- Born: 13 January 1985 (age 40) Limpopo River
- Citizenship: South Africa
- Occupation(s): Model, Actor, Television producer, Entrepreneur, Film director

= Lerato Moloi =

South African fashion model

Lerato Moloi is a South African fashion model who, in 2009, became the first black face for the cosmetics brand Elizabeth Arden. Initially, Moloi had been interested in psychology, but after visiting a modeling agency with her mother and younger sister, she became interested in modeling. Her modeling career officially began at the age of 17 and her first professional photo shoot was for Elle Magazine.

Controversy erupted in 2000 when a New York modeling agency told Moloi that she needed to lose weight before modeling.
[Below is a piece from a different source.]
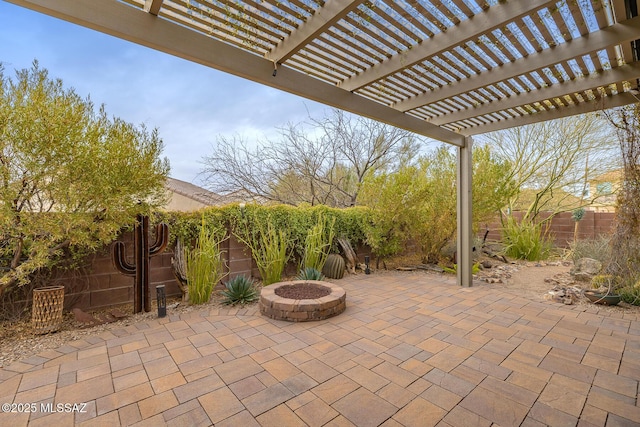 view of patio / terrace featuring an outdoor fire pit and a pergola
The incident sparked international debate over the use of underweight models in the Fashion Industry.

Moloi told BBC News, "Young girls in Africa are increasingly concerned with being thin-the more exposed we are to western media-the more we buy into". In 2002, she participated in the M-Net Face of Africa pageant and became a finalist.
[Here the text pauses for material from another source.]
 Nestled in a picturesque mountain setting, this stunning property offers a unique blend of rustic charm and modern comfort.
Moloi modeled for Elizabeth Arden's "Eight Hour Cream"skin care line. As the first black face for Elizabeth Arden, Moloi has stated that she wants to dispel the myth that UV protection is not essential for women of color.
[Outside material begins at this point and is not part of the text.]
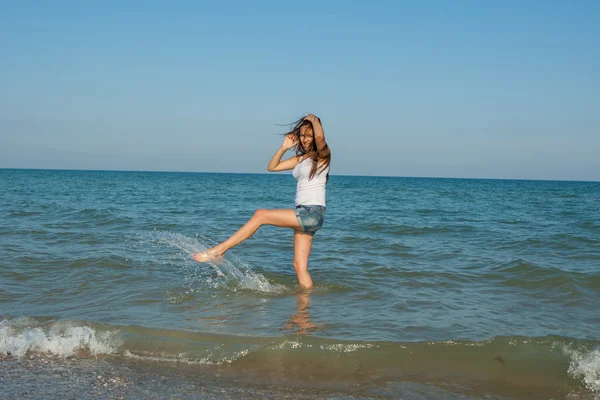 Jovem menina espirrando a água no mar — Fotografia de Stock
Moloi was a contestant on Celebrity MasterChef South Africa in 2015.

==Personal life==

Moloi was married to Sibusiso Hlatshwayo, her longtime boyfriend from high school, for a year before their divorce in 2011. She has 1 child with him, Muhle, born in 2010, and her eldest child from a previous relationship, is Keoratile.

In July 2020, Moloi was reportedly arrested for being in contempt of court after she refused to remove a tweet in which she alleged she had been sexually assaulted by three men, one of whom she named was comedian Mongezi "Tol Ass Mo" Ngcobondwane. Ngcobondwane reportedly took legal action and she was ordered by the court to remove the tweet. On 19 June she had tweeted: "Moment's ago, I've just signed for & received the lawyer's letters of demand, interim protection order; etc, from the man that raped me in 2014. I am still not afraid! I will not go silent!".Toll Ass Mo was later vindicated and acquitted of the false charges laid against him by lerato moloi, who has since not apologized for the false claims laid against him.